DEAR HARRIETTE: My girlfriend has a serious problem: She is constantly checking her various social media pages to see if people responded to her status updates. My girlfriend's phone stays attached to her hand. We went to dinner last week, and she looked at her phone every 10 minutes. At one point, I was talking to the top of her head because she was checking her phone. There is a point where we need to put down our smartphones and enjoy the magical moments of life. I would love for you to help me convey this feeling to my girlfriend. -- Low-Tech Boyfriend, Memphis, Tenn.
DEAR LOW-TECH BOYFRIEND: Your desire to spend quality time with your girlfriend is perfectly understandable. Unfortunately, it is also quite common for people to get so caught up in their social media experiences that they forget where they are or who is with them.
I talk a lot about the need to strike a balance between technology and humanity. Without balance, technology takes over people's lives and can leave little room for precious human interaction.
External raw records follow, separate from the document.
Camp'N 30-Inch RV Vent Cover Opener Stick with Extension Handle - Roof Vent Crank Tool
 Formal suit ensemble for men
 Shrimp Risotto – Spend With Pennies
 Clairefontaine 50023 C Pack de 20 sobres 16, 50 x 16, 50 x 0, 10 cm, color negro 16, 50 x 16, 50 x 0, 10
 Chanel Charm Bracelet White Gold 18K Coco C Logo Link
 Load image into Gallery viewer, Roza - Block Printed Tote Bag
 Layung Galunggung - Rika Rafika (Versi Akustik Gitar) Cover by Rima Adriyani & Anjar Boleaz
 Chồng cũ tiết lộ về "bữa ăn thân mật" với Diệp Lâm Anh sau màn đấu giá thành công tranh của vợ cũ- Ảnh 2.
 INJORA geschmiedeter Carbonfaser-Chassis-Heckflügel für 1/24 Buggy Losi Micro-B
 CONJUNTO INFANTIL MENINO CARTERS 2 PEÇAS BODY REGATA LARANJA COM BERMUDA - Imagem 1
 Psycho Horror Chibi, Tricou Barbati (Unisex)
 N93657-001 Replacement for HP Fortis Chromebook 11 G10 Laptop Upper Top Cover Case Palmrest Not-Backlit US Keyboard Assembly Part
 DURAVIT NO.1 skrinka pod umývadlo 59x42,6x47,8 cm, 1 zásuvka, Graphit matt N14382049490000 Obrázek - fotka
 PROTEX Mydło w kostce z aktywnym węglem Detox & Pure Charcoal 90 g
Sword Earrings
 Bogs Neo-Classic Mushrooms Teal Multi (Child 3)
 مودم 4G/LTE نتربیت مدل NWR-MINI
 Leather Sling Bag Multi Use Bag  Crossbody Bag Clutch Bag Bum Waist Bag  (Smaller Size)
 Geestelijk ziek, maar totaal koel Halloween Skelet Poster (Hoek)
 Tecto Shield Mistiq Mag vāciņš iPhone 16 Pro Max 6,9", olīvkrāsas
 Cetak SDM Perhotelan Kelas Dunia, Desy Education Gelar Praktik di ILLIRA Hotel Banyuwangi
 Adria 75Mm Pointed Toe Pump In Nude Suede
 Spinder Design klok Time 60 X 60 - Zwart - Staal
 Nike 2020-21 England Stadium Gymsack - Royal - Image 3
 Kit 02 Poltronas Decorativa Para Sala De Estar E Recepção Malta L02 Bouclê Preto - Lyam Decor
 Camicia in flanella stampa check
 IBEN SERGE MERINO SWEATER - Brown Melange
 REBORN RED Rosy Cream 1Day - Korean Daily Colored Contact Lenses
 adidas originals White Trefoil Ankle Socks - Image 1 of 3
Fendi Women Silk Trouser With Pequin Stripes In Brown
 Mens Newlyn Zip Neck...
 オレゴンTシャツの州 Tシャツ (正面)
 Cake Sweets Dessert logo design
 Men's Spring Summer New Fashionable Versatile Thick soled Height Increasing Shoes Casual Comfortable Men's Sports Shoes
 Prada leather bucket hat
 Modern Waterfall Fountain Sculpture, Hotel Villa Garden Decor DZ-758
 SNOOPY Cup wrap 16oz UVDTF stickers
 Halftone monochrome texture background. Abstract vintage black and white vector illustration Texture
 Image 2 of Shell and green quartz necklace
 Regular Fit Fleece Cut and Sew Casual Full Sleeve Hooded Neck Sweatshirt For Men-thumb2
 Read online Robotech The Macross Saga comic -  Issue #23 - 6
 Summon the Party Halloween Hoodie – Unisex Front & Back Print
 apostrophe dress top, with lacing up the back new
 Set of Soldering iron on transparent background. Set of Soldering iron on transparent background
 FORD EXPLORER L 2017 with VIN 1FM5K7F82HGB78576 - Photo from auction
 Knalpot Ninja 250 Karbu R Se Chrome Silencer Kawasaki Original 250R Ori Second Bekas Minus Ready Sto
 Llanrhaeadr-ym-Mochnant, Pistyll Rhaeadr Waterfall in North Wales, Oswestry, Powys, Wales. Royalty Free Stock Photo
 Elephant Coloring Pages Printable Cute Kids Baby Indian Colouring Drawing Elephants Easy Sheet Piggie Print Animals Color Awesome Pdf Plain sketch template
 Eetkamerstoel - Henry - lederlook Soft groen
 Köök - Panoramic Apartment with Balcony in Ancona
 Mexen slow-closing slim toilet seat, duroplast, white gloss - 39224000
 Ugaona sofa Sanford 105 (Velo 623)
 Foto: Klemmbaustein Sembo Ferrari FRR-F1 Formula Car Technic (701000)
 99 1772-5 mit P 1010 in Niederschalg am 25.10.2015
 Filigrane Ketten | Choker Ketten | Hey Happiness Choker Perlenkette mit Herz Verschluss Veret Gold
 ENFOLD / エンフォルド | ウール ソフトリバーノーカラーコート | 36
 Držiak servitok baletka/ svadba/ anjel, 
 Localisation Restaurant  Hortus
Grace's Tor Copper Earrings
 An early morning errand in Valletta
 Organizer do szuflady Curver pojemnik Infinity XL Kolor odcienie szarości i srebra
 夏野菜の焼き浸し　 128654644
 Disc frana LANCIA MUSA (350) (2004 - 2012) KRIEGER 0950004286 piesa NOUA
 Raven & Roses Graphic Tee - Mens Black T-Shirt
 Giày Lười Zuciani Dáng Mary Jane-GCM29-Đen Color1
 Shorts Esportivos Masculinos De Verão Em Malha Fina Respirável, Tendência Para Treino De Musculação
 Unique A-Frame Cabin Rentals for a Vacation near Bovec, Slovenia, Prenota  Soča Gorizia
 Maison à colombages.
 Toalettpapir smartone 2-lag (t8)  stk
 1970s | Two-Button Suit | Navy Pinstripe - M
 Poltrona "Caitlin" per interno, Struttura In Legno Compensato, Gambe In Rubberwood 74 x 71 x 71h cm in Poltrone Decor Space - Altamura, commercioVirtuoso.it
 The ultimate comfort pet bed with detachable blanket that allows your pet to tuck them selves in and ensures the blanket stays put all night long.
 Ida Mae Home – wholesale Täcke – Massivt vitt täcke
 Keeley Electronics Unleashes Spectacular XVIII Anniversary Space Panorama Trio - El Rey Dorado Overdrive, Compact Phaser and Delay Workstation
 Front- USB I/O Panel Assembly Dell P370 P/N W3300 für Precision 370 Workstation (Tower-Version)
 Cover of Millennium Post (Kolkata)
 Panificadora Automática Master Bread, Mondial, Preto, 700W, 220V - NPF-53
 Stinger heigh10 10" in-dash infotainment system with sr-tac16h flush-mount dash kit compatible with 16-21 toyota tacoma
Some couples have found solutions. One idea is to agree to put away all electronic devices during dates, or at least during the course of a meal. Another idea is to put your electronics in a bowl at the front door when you get home, only to pick them up again just before you are going out again. Hard to do, but definitely worth it! Ask your girlfriend to consider a compromise that makes room for the two of you to enjoy each other's company.
DEAR HARRIETTE: We got a car, but my wife refuses to learn how to drive. I decided to purchase the car after our second child was born. She believes that the man should drive his family around. I understand where she is coming from, but this man needs to work as well just to keep food in the refrigerator and a roof over our heads. The car is at her disposal while I am at work, but she would rather take a cab or the subway. I encouraged her to take some driving lessons, but she refuses. I would like to find a happy medium before I get burnt out. -- Driving My Family, Brooklyn, N.Y.
DEAR DRIVING MY FAMILY: Sounds like your wife is afraid to drive. That is not unusual considering that she is an adult who has never been behind the wheel. Many people in New York City do not drive, as I am certain you know, because public transportation makes it easy and affordable to get around.
For now, do not press your wife. That is not going to result in the solution you want. Instead, use the car when you need to. And help your wife plan how she can fulfill the duties that are hers. If she can get her tasks handled via public transportation, so be it.